Your more than Welcome! State hiway 3 to 950 go east to the first street turn north we are right at the bridge.

half way between muncie and New Castle.


----------



## mecreature (Jan 27, 2011)

It is very kind of you to offer. The weather looks perfect.


----------



## Bocefus78 (Jan 27, 2011)

I'll be there....not sure how much help I'll be felling but I do know how to run a camera


----------



## Mmaul (Jan 27, 2011)

This is for work, Tomorrow lunch special.


----------



## smokinj (Jan 27, 2011)

mecreature said:
			
		

> It is very kind of you to offer. The weather looks perfect.

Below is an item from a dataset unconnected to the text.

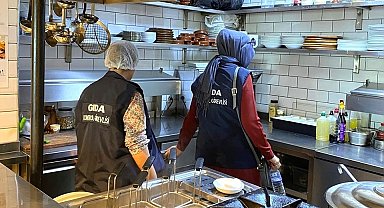 Gıda işletmelerine yönelik denetim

Sunday at 9:00 a.m. No equiment needed just help split and load. Have a lot more than just this place but be nice to put a big dent in it!


----------



## Thistle (Jan 27, 2011)

smokinjay said:
			
		

> mecreature said:
> 
> 
> 
> ...



Just for S & G's,dont think anyone asked - just guessing,how much wood wood you say's on that 2 acres you're harvesting? 30-40 cords? Should be quite a bit going by the the pics


----------



## Thistle (Jan 27, 2011)

smokinjay said:
			
		

> Thistle said:
> 
> 
> 
> ...



Niiice.... lol  Never had a catering service in the timber before,unless I brought a thermos of my homemade chili,stew or soup. ;-P


----------



## smokinj (Jan 27, 2011)

Thistle said:
			
		

> smokinjay said:
> 
> 
> 
> ...



Cant get my head around it yet. A Guess would be 20-25. A big day hauling out of there will tell the story. Think the count was over 30 tree's and seem to fall in the 14-20 inch range and 25-40 ft'ers.


----------



## Thistle (Jan 27, 2011)

Perfect size,not too big,not real tiny either.


----------



## thewoodlands (Jan 27, 2011)

smokinjay said:
			
		

> Thistle said:
> 
> 
> 
> ...




http://extension.unh.edu/resources/files/Resource001044_Rep1200.pdf


zAP


----------



## smokinj (Jan 27, 2011)

MMaul said:
			
		

> This is for work, Tomorrow lunch special.


Bring the left overs! lol


----------



## smokinj (Jan 27, 2011)

zapny said:
			
		

> smokinjay said:
> 
> 
> 
> ...



Thanks Zap, that would put it more like 15-20 cords.


----------



## JustWood (Jan 27, 2011)

Eye'd B there if'n it was only a few hours drive ,,,but 7 is a haul.


----------



## Mmaul (Jan 27, 2011)

Not expecting leftovers. Sorry usually sell out in 2 hours.


----------



## smokinj (Jan 27, 2011)

localLEE said:
			
		

> Eye'd B there if'n it was only a few hours drive ,,,but 7 is a haul.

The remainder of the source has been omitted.